W. H. Auden, when asked what he did for a living, would reply: “I’m a medieval historian.” He was typical among modern poets in being embarrassed by his job. While accepting the Nobel Prize for Literature in 1996, Wislawa Szymborska said she had met only one poet — Joseph Brodsky — who liked calling himself one, and that was because it had got him locked up by the Soviet Union. One of the unusual things about Les Murray is his certainty that being a poet is a hugely important calling. Normally, when professors or scientists or celebrities are accused of being a “secular priesthood”, it is to disparage them. But when Murray refers to poets as a priesthood, he means it as praise.
Some priests, however, ought to be challenged. In “Visiting Geneva”, from his 14th collection Taller When Prone, Murray addresses John Calvin with terse familiarity:
…when you were God
sermons went on all day
without numen or presence.
Children were denied play.
In his poems, Murray has made it his task to open the way to the sacred. Poetry comprehends so much of our experience that, in Murray’s own words: “Any true poem is greater than the whole Enlightenment, more important and sustaining of human life.” That kind of claim might look absurd, but Murray’s work has a feeling of monumentality. This is why he is tipped to follow Brodsky and Szymborska and win the Nobel Prize for Literature. It is why Murray’s admirers make dramatic claims for him, as when Clive James called the Collected Poems “one of the great books of the modern world”.

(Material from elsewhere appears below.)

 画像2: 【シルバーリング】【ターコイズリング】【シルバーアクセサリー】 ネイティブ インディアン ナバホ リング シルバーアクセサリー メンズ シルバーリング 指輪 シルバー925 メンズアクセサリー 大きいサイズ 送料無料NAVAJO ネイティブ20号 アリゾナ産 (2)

Murray’s poetry gives a sense of immense concentrated force. He is sometimes aphoristic, but he also produces lines that are even more compressed than an aphorism. Here he describes a bushfire:
Poxes of the Sun or of the mind
bring the force-ten firestorms.
After come same-surname funerals,
junked theory, praise of mateship.
Each phrase needs a moment of thought before it reveals its meaning. You could go through and expand the lines into a paragraph of prose — pointing out, for instance, that a pox of the mind conjures up the possibility of a simple human mistake causing terrible disaster — but you would lose the power of expression. There are other moments of bleakness in Taller When Prone. However, Murray’s work comes back to a delight in rediscovery and redescription. A crocodile becomes “This police car with a checkered seam/of blue and white teeth along its side.” Dew is “The unfocussed wet hover of dawn.” Belly-dancers are “unaccusingly bizarre”. A military parade: “arm-geometry/in the shouting-yards”. Individual instances are amusing; but the instances add up to a significant project based on the conviction that nothing is too small to make a poem.
Murray is increasingly worried by the barriers between the individual and the world — there are two poems about blindness — and by those we ourselves put up. Beside a motorway, “plastic shrub-guards grow bushes/to screen the real bush,/to hide the old towns/behind sound-walls and green”. Green what? No, just green, the awful blankness of motorway design. Again, there is the distraction of “a mirrorball that spins celebrities/in patter and tiny music”. The word-choices open up several implications: the hint of political deception in “spins”, the word “patter” uniting the idea of a sales pitch with that of meaningless talk. “Tiny music” suggests the cuteness and inconsequentiality of pop, but also prepares the image of “earplugged sitters”, who “wear the look of deserted towns”.
Taller When Prone ranges widely over family history, nature poetry both urban and rural, technology, and the possible renaming of Heathrow Airport (you will have to buy the book to discover Murray’s advice to “the jarl of London,/white-polled Boris”). Inevitably, this slim village stands in the shadow of the 600-page Collected, but the virtues of Murray’s work, its linguistic intricacy, originality of thought, and sheer entertainment value, are all here. He is less trenchantly opinionated than before, though by the standards of most poetry collections this one is pretty combative. One weakness of Taller When Prone is its over-fondness for the merely anecdotal. Since Murray draws to great effect on the language and rhythms of ordinary speech, it is natural that he likes spinning a yarn about, say, being mistaken for a celebrity chef. Once you have heard the anecdote, you don’t need it again. But the strength of Murray’s poems is that, for many readings after the first, you can carry on finding new things to enjoy.